**WHAT TO WORK ON:** Please take the records that follow and repeat exactly the lines starting with the line with "Used 2025 Honda Accord SE image 4" and going on through the line with "ASUS GeForce RTX".

**SOURCE RECORDS:**
BEGIN
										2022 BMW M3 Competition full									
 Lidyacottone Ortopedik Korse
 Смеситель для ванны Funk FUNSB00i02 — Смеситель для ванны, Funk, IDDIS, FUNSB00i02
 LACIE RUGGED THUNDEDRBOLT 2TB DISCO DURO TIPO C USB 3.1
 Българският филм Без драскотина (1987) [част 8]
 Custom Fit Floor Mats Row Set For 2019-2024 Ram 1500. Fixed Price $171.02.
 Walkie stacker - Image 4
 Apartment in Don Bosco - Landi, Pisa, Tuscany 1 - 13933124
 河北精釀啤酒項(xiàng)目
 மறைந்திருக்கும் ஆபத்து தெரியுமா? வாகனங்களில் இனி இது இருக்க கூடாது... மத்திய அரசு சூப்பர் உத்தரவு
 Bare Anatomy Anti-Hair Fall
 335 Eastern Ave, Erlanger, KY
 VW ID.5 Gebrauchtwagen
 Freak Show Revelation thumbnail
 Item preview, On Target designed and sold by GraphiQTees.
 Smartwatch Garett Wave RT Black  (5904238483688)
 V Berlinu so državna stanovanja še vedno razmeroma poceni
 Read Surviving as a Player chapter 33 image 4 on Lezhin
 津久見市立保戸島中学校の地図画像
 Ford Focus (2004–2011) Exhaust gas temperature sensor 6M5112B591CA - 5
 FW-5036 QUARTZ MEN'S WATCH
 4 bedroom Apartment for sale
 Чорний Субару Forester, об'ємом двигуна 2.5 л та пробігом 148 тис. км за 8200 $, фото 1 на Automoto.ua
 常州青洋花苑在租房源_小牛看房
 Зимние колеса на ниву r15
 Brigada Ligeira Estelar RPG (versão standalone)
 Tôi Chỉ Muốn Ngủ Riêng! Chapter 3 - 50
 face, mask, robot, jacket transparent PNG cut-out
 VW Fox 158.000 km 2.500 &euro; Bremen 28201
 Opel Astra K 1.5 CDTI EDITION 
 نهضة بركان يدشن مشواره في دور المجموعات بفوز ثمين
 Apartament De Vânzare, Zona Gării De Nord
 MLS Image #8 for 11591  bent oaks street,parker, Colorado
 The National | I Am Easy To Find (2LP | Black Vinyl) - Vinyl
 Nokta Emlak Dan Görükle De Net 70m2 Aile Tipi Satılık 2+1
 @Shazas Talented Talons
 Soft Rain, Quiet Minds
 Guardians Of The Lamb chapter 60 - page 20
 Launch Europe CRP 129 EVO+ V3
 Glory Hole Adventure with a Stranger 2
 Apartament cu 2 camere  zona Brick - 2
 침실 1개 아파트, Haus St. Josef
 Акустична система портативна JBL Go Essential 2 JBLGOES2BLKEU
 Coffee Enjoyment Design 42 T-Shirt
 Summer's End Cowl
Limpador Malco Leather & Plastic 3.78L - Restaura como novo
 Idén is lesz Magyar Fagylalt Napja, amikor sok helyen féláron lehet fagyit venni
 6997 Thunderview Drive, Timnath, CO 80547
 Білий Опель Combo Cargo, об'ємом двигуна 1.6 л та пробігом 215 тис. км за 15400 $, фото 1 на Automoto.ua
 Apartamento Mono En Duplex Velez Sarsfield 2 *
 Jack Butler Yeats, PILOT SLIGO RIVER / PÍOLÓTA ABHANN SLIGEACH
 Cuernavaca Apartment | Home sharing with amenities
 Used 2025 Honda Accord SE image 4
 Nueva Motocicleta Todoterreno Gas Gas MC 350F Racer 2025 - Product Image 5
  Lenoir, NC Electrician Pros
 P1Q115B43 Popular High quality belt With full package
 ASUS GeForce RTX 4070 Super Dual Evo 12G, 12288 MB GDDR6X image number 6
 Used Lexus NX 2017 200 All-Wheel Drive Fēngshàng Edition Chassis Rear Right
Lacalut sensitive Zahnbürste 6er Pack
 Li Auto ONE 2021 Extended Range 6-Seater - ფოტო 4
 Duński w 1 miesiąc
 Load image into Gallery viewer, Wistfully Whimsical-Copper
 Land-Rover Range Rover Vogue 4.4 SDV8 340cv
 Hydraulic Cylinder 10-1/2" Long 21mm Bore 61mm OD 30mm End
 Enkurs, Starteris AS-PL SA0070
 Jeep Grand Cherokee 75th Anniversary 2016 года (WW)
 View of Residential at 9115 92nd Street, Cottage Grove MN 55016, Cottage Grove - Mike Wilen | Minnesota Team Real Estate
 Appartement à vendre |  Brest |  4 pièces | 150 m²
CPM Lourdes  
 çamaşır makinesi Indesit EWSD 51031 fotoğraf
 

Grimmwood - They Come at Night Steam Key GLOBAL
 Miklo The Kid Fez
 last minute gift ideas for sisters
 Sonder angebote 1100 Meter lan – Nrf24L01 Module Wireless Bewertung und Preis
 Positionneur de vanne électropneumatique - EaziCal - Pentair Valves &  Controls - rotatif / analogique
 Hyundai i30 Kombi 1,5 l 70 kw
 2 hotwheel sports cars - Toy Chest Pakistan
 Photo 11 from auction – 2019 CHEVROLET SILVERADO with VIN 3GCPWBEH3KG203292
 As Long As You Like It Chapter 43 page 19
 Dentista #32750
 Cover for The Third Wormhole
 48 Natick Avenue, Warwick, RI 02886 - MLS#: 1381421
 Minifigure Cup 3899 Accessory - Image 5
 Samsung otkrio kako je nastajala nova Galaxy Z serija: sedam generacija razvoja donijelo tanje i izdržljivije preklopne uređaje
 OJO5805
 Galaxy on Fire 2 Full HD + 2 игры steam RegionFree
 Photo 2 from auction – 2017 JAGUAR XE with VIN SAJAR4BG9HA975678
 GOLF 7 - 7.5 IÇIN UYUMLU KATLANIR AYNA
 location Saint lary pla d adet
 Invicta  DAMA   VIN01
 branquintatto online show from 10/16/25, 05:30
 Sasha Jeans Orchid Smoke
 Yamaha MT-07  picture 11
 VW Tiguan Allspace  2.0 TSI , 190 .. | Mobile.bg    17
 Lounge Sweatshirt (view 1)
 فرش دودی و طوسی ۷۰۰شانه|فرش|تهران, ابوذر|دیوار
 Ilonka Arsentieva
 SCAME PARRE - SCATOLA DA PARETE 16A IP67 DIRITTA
END
**OUTPUT:**
 Used 2025 Honda Accord SE image 4
 Nueva Motocicleta Todoterreno Gas Gas MC 350F Racer 2025 - Product Image 5
  Lenoir, NC Electrician Pros
 P1Q115B43 Popular High quality belt With full package
 ASUS GeForce RTX 4070 Super Dual Evo 12G, 12288 MB GDDR6X image number 6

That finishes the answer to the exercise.